The Limited Times

Now you can see non-English news...

Coronavirus: isolation and quarantine, a strong measure and open questions

2020-05-03T12:02:27.179Z


The bill extending the state of health emergency provides that anyone arriving from abroad be placed in quarantine,


Mandatory measures of quarantine or solitary confinement are therefore part of the arsenal desired by the government. The bill extending the state of health emergency, presented this Saturday, May 2 in the Council of Ministers, provides for such measures only for individuals arriving from abroad. But the practical details are still unclear. Update on what we know.

Who will be affected?

Quarantine and isolation will concern people who have "stayed in an area of ​​circulation of the infection" and who come to France from abroad, who arrive in French island territories from the mainland, or who arrive in mainland from these island territories. The goal is to "avoid the international spread of the virus (case of people arriving from abroad)" and "protect more fragile territories due to their isolated or insular situation (overseas and Corsica)", specifies Parisian Matignon.

"Anyone" even asymptomatic in one of these cases will be quarantined, while those tested positive on French soil will be placed in stricter isolation, said the Minister of Health, Olivier Véran, this Saturday. "There will first be a quarantine phase with a test and then, if the test is positive, an isolation phase," the Prime Minister's office told us this Sunday.

It is unclear what is meant by the term "infection circulation areas", the list of which should be made public in the coming days. It can however be assumed that this will cover a very large part of the world, the virus being present (at different levels) in almost 200 countries.

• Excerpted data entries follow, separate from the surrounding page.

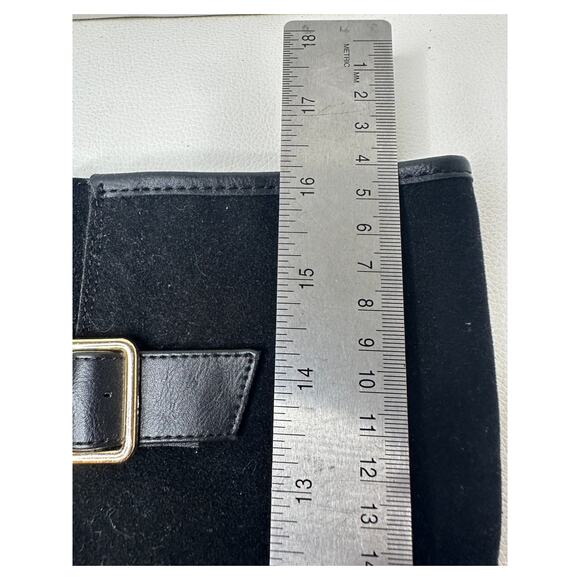 Black Size 9.5 Black Raelynn Faux Suede Buckled Block Heel Knee High Fall Boot - Picture 10 of 14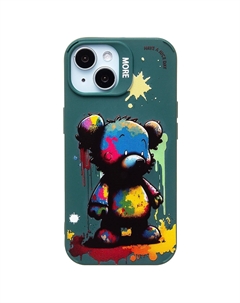 Чехол-накладка Activ SC335 для смартфона Apple iPhone 15, TPU, темно-зеленый (кот) (227037)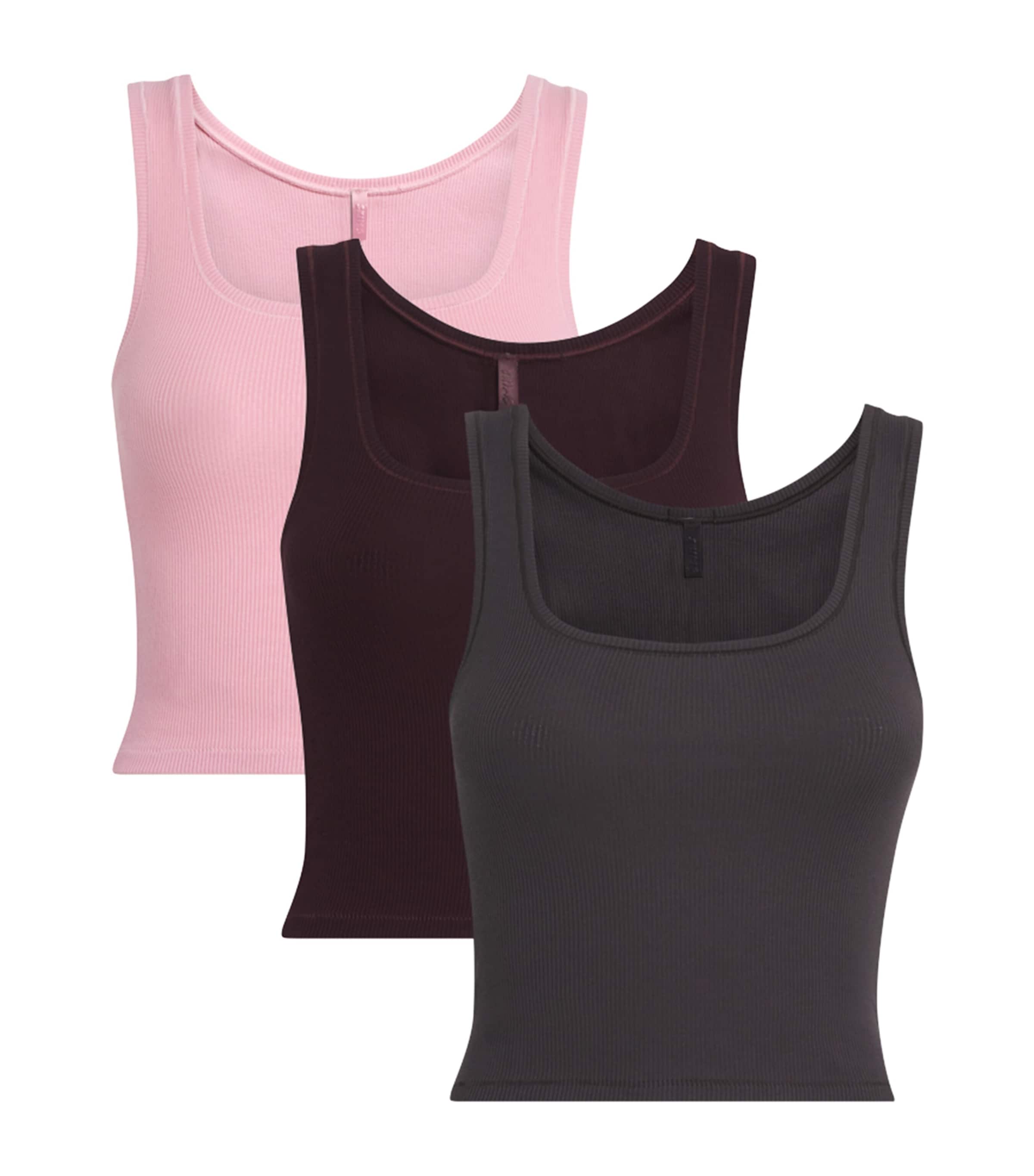 Stretch-Cotton Ribbed Tank Tops (Pack of 3)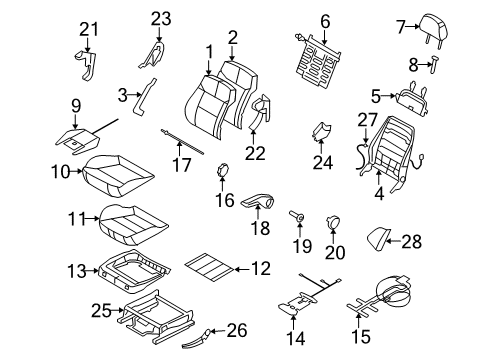 2008 Saturn Astra Seat Cushion Pad Diagram for 93192516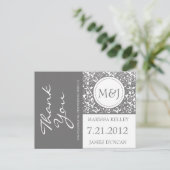 Gothic grijs bloeien dank u briefkaart (Staand voorkant)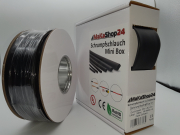 Spenderbox  25,4 > 8,5 mm    Lnge: 7 Meter - Mini Box Schrumpfschlauch schwarz 3:1 mit Kleber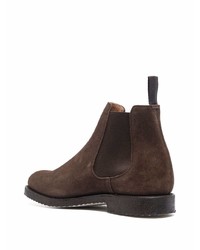 dunkelbraune Chelsea Boots aus Wildleder von Church's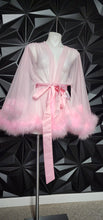 Load image into Gallery viewer, NWT PINK SHEER FUR GOWN W/BELT     ONE SIZE
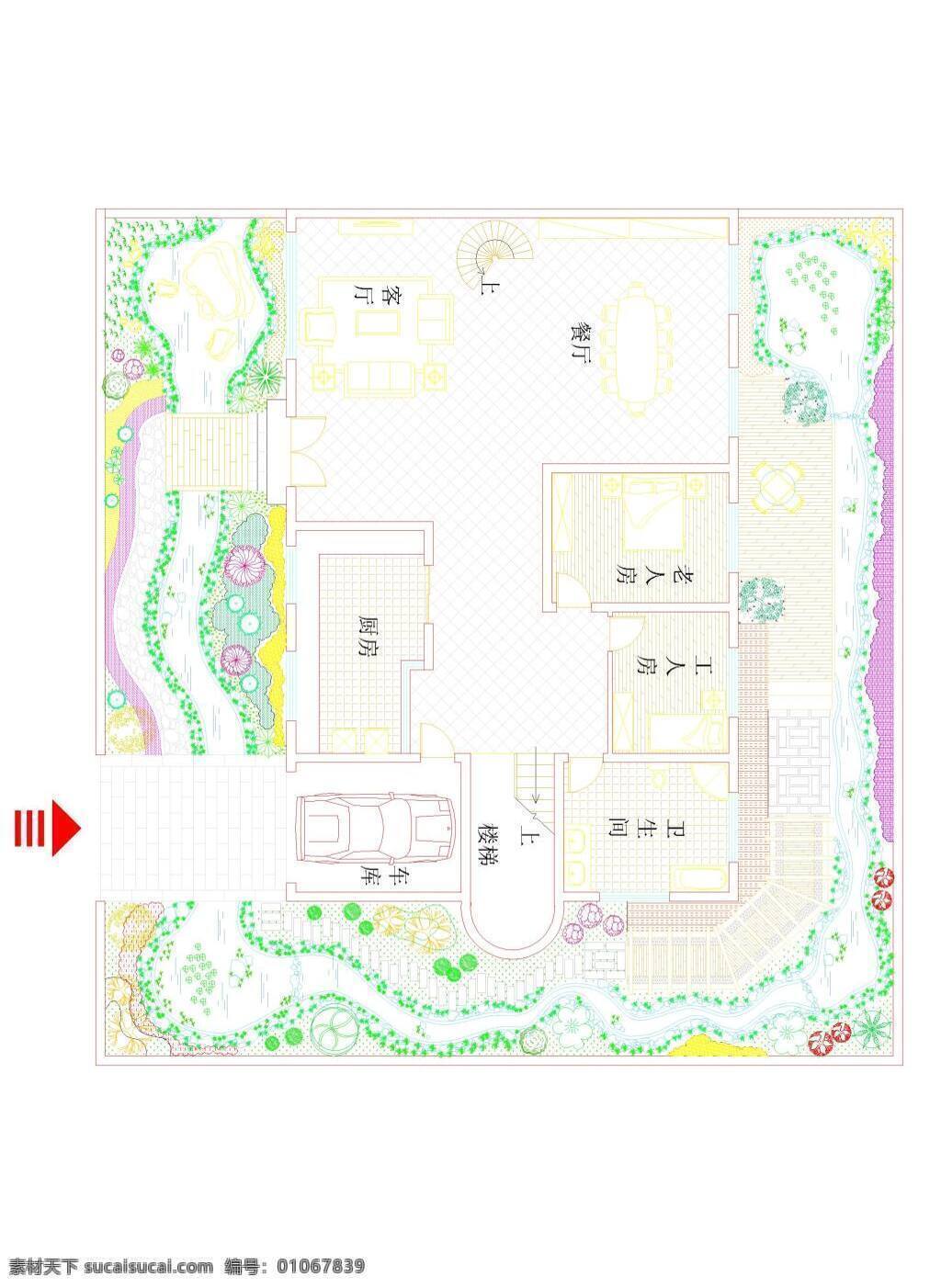 别墅 花园 景观设计 cad 别墅种植 花园绿化 庭院 dwg 白色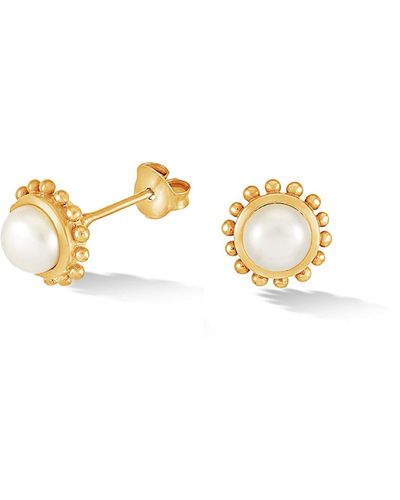 Dower & Hall Fine Yellow Gold Anemone Studs With White Pearl - Metallic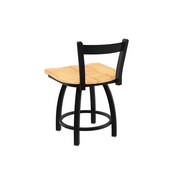 821 Catalina 18" Low Back Swivel Vanity Stool with Black Wrinkle Finish and Natural Maple Seat, 82118BWNatMpl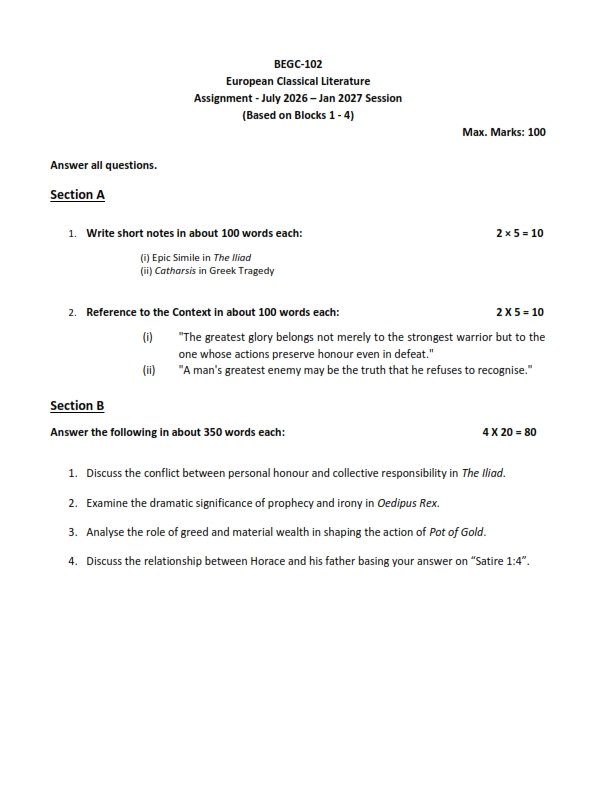 IGNOU BEGC-102 Solved Assignment 2026-27 English Medium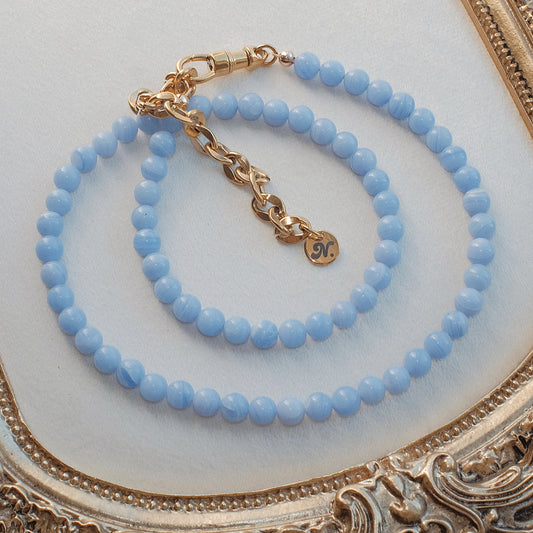 Blue Lace Agate Beaded Necklace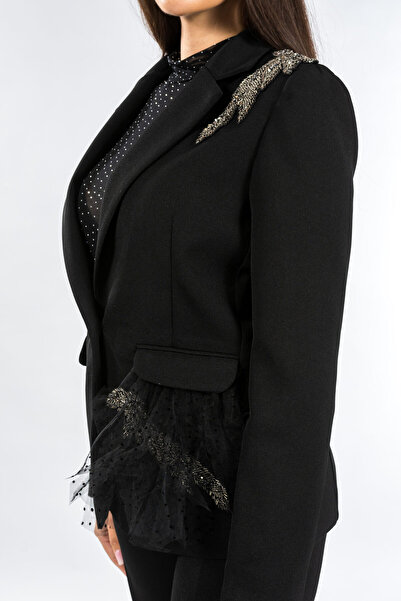 Gorgeaux Yolanda Black Beaded Jacket - S(36)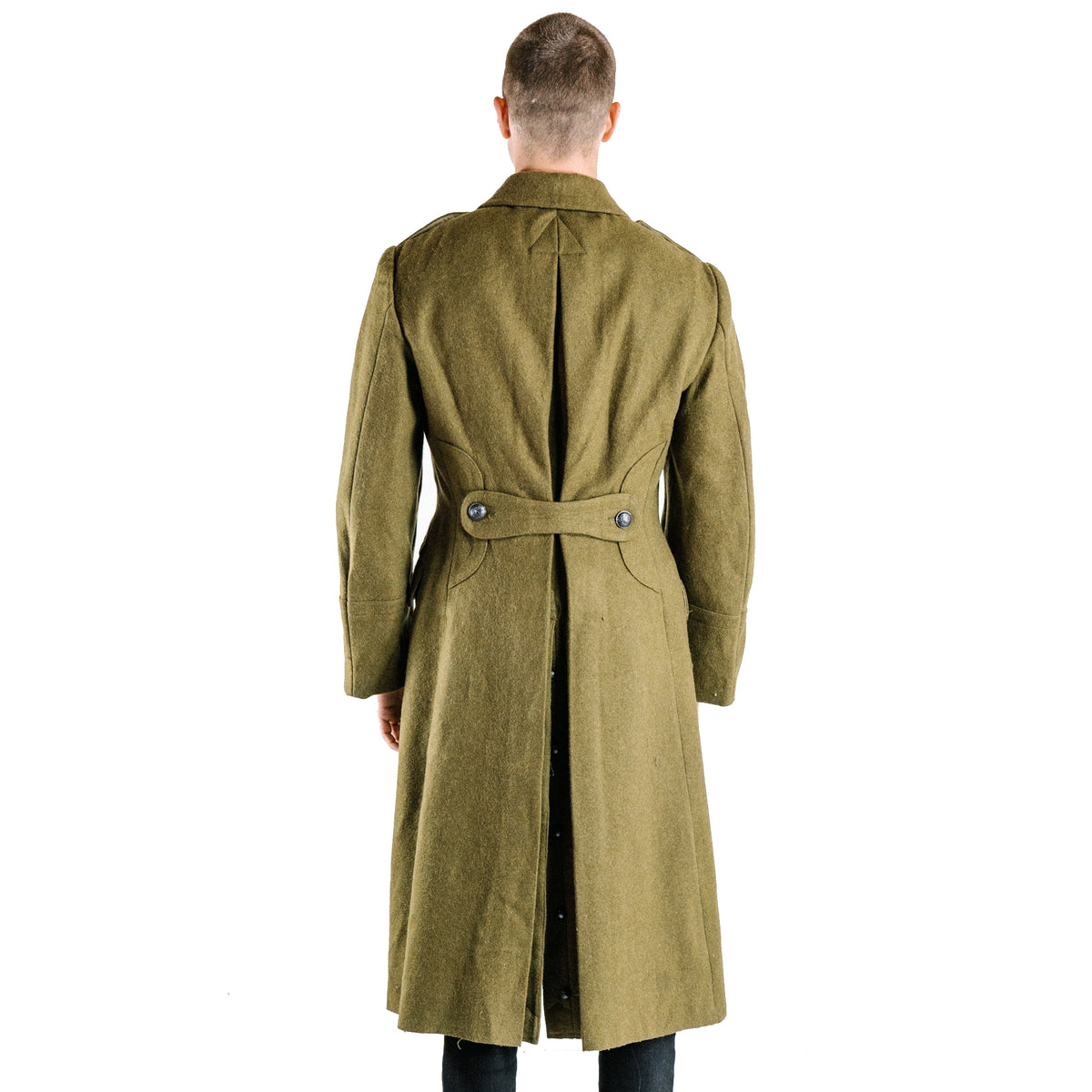 Khaki Military Vintage Wool Greatcoat - Forces Uniform and Kit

Unlike a first version of the bill, the text presented in the Council of Ministers (and which will be debated on Monday in the Senate) does not provide for such forced isolation measures for the French already present on the national territory and tested positive. "We make the choice of conscience and responsibility," said Olivier Véran this Saturday.

How will it work in practice?

We do not know, for the moment, what exactly are the differences between "quarantine" and isolation, nor what is covered by quarantine. The modalities (duration, place, travel restrictions) will be determined "according to the nature and modes of spread of the infection", after advice from the Scientific Council.

Olivier Véran recalled the example of the quarantine of dozens of French people repatriated from China in February, forced to spend fourteen days in holiday centers on their arrival.

Newsletter - The essentials of the news

Every morning, the news seen by Le Parisien

I'm registering

Your email address is collected by Le Parisien to allow you to receive our news and commercial offers. Find out more

VIDEO. The first French returnees come out of quarantine

"Unless the interested party consents, quarantine or placement in solitary confinement cannot continue beyond a period of fourteen days", we read in the bill, which is also recalled by Council of State in its opinion. We can therefore speak of "fourteen" rather than "quarantine". An appeal is possible before the liberty and detention judge and all the measures may not exceed one month in total. Their non-compliance may be "punished", but it is not yet known how.

"Why do you want to quarantine someone who is not sick?" It does not make sense, "storms her side the socialist senator of French nationals abroad Hélène Conway-Mouret, who does not want" anyone who comes from abroad to be suspected of being sick ". For the former Minister Delegate in charge of French Abroad, joined by Le Parisien, it would be better to systematically test each person arriving in France as soon as they set foot on the ground. “If she is contaminated, she is put in isolation until she is no longer sick. Otherwise, it follows the classic rules of social distancing, ”she says.

What about border workers?

This automatic and compulsory quarantine raises the question of the status of frontier workers. More than 360,000 people living in France near the borders work in a bordering country, in particular in Switzerland, Luxembourg and Germany, and a part of them always go (or will go from May 11) physically to work every day. Matignon was unable to tell us if they will be exempt from mandatory quarantine.

"Has the government taken the measure that nearly 400,000 people risk losing their jobs," warns French senator from abroad Ronan Le Gleut (Les Républicains), stressing that "70% of the staff of some hospital services in Geneva are cross-border residents living in France ”. "There is panic among these French people who live near the border concerning the impact on their family or professional life," he points out. “They have certificates that allow them to go back and forth, even if we observed some tensions at the Franco-German border. For those, I imagine it won't change anything. How do you want to quarantine hundreds of thousands of people, ”wonders his side, his colleague Hélène Conway-Mouret.

Source: leparis

All life articles on 2020-05-03

You may like

Trends 24h

Latest

© Communities 2019 - Privacy

The information on this site is from external sources that are not under our control.
The inclusion of any links does not necessarily imply a recommendation or endorse the views expressed within them.